## Supplied data

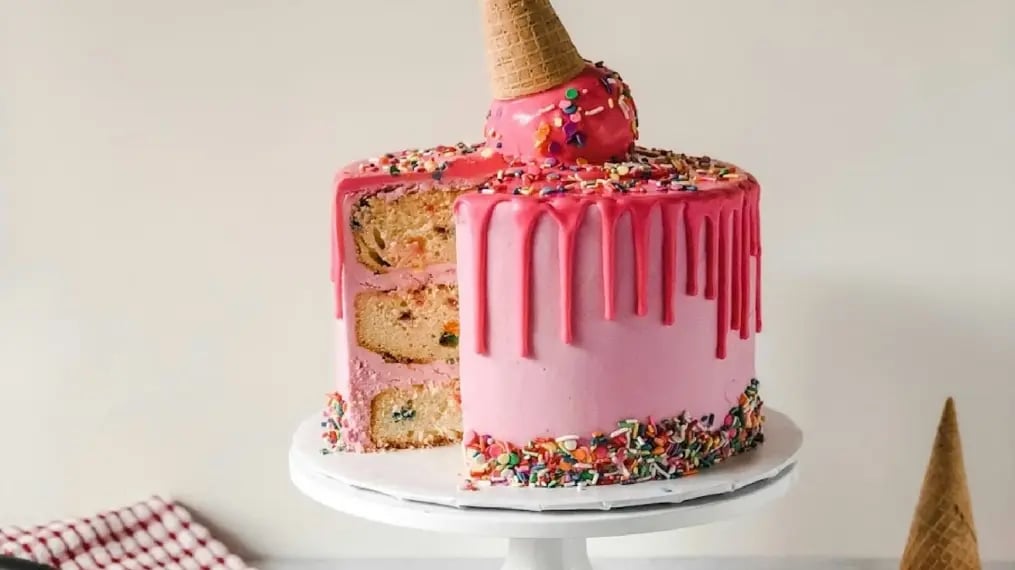 Chocolate Drip Cake Design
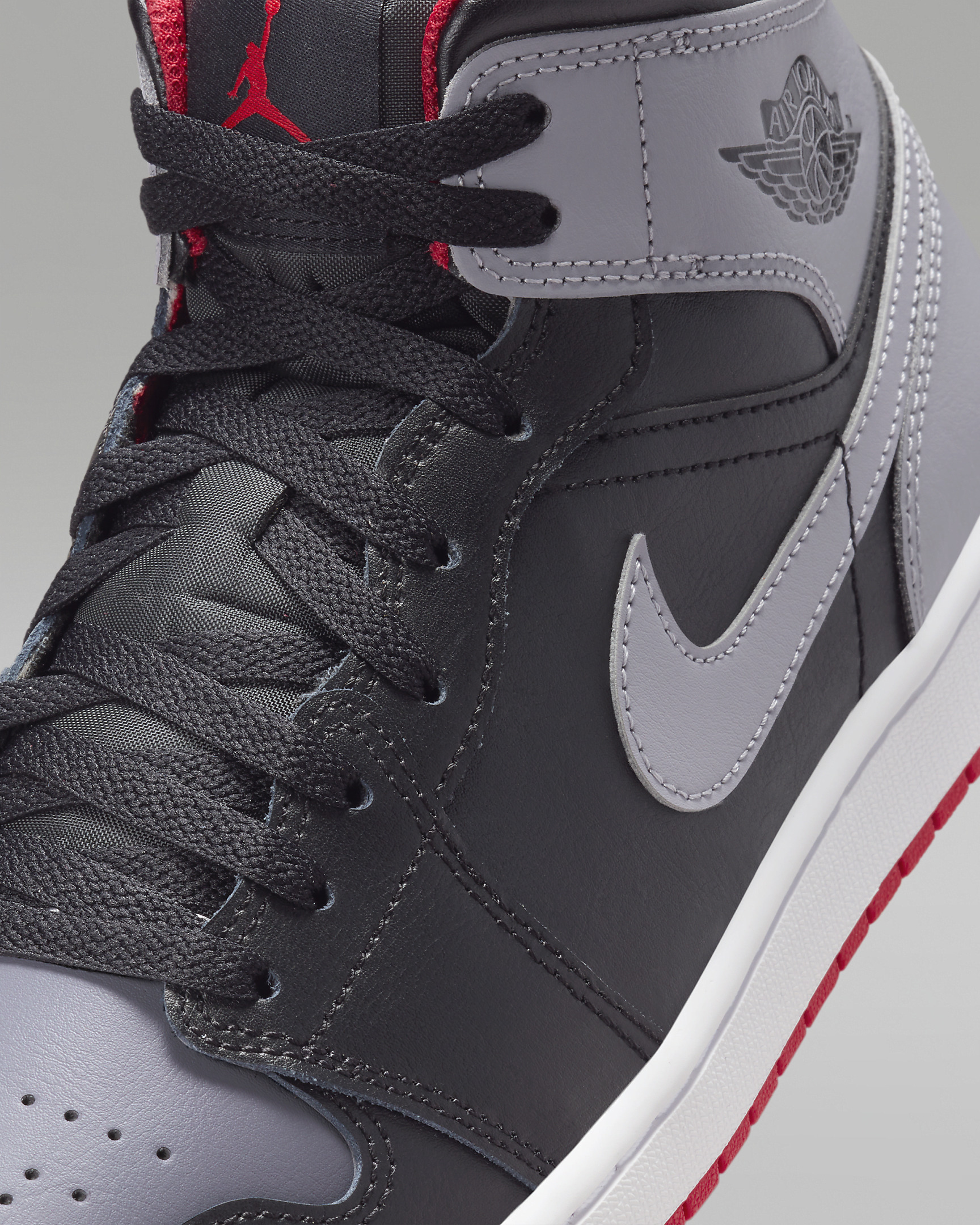 Men's Air Jordan 1 Mid Shoes - 7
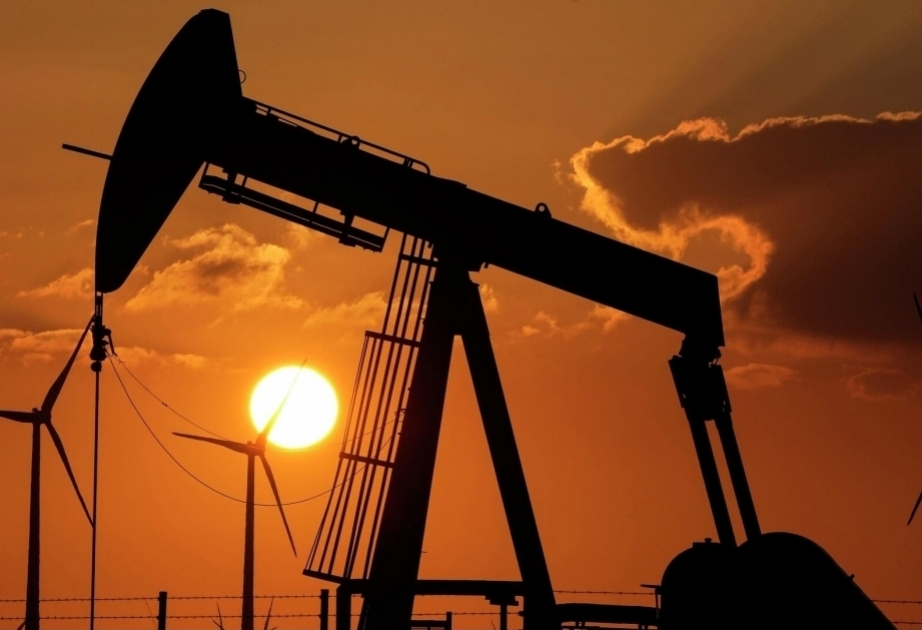 Azerbaijani oil price drops in world markets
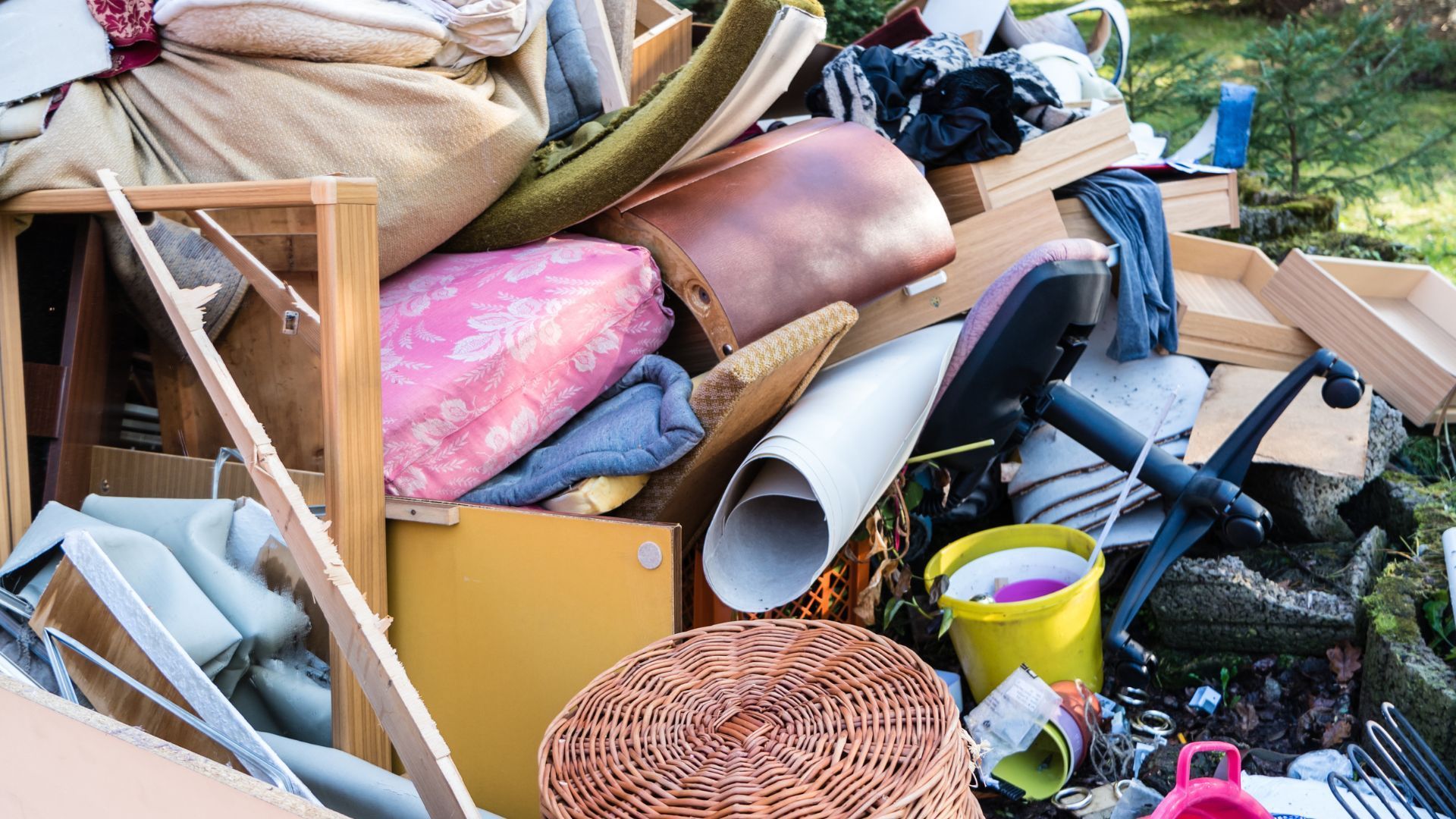 The Benefits of Regular Estate Cleanouts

## Problem details
Your answer should hold only the lines from the one with "Men's Air Jordan 1 Mid Shoes - 7" through the final line of the listing above, transcribed exactly and without pictures.

## Solution for this task
 Men's Air Jordan 1 Mid Shoes - 7
 Azerbaijani oil price drops in world markets
 The Benefits of Regular Estate Cleanouts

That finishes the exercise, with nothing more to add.